Vyle Tymes – 15th of Psydros, 2015

We live in two cities. Though they share the same streets and the same names and the same buildings proud and tall. Cerulean street lights, crimson flags, the moonsilver steel of the Rail – all the same.  The city of Vyle: serene and shining, as clean as fresh clockwork.  Every citizen, no matter how mean, holds their head a little higher to count themselves a trueborn son or daughter of Vyle. We know our city, we love our city. But, of late, we all have begun to see a second city, a darker one, one that we do not recognize, one that we are not so proud to bear in our blood. One that we walk a little faster from to put lock and key between us and this second city, the hungry city that appears when the sun goes down.

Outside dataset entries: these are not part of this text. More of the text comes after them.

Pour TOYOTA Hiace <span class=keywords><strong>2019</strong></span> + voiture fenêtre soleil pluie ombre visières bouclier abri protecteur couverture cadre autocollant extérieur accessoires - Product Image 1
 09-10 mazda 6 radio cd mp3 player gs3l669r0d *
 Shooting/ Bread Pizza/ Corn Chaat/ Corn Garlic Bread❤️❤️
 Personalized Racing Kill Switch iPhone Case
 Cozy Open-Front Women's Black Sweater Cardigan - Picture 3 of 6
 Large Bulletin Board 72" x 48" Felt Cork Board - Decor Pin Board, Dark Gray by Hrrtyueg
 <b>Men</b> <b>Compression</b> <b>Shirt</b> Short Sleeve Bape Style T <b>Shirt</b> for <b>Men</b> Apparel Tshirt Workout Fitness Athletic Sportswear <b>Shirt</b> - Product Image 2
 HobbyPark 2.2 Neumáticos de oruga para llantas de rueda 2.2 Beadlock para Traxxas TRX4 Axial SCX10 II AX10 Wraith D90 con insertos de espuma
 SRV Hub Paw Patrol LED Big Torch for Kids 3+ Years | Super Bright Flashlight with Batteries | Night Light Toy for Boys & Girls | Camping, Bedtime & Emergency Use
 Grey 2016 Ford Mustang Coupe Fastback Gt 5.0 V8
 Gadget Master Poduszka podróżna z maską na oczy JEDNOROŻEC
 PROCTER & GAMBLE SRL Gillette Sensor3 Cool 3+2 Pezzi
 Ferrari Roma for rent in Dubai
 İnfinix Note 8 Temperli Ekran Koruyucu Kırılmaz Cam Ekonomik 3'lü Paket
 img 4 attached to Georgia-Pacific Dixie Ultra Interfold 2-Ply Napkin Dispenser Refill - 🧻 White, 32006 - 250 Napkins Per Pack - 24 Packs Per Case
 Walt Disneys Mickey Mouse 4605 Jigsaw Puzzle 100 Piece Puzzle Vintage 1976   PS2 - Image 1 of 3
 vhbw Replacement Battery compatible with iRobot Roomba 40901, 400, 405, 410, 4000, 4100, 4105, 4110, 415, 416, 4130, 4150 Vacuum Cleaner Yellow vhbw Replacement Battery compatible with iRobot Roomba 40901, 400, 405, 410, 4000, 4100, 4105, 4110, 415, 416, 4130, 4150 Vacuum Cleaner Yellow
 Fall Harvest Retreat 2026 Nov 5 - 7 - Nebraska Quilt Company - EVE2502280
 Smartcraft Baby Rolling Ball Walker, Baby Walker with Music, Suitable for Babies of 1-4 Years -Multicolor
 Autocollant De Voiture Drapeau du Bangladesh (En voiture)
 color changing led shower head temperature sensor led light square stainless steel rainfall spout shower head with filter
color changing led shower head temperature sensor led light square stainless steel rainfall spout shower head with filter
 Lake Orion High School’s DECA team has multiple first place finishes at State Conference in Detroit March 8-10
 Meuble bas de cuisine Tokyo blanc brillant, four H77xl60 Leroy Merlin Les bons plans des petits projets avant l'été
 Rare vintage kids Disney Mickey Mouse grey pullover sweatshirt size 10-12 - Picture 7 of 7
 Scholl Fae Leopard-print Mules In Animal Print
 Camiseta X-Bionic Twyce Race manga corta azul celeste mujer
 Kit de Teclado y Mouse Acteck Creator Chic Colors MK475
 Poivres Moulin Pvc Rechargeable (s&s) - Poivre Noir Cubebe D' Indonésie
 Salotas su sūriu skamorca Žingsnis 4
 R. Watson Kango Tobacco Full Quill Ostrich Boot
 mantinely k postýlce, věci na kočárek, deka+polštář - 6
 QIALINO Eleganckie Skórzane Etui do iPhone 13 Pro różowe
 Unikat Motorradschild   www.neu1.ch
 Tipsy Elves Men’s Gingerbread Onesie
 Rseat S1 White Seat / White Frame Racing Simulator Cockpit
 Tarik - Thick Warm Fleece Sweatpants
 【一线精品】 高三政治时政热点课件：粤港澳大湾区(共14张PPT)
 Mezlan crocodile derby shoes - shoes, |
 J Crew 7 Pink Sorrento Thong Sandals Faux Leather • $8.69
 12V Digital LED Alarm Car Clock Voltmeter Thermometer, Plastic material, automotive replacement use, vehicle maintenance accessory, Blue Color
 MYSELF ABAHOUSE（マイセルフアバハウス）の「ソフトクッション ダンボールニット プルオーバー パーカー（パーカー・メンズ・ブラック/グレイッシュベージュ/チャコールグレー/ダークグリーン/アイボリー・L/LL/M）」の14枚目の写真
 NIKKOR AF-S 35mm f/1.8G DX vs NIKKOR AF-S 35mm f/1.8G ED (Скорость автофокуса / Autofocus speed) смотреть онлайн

The Constant Reader is familiar with the litany of crimes that have become common in the midnight streets of Vyle. The kidnapping of Haley Westermont this summer. The brutal pillaging of the Veritas Freight shipment. The invasion of homes for petty theft and larceny, the accosting of ladies after dark for nefarious purpose, the bodies found washed up in the harbor come dawn. Over these past many months the rate of crime has accelerated. The hungry city has streets made of teeth and there are few among us who have not felt the bite in our own families.

The question must be posed: why in the largest city on the continent, the home of

Tagma Brass HQ - Staff
Tagma Brass HQ – Staff

the most potent military force ever devised by the will of mortal men, has this quiet harvest of its citizens gone unchecked? This question has been posed, again and again, by this reporter and by many other frightened and concerned Vylians. Poliarchos Winston Gage of Tagma Brass has responded only with the most terse and unfulfilling of statements. “Patrols will be doubled during nighttime hours.” “Tagma Brass investigates every criminal report and does not rest until the guilty party is brought to justice.” “We have some reports of isolated incidents near Flux St. and the more unsavory corners of the city, but the vast majority of Vyle is completely safe at all hours.”

Safe where he lives, perhaps this is what Poliarchos Gage means.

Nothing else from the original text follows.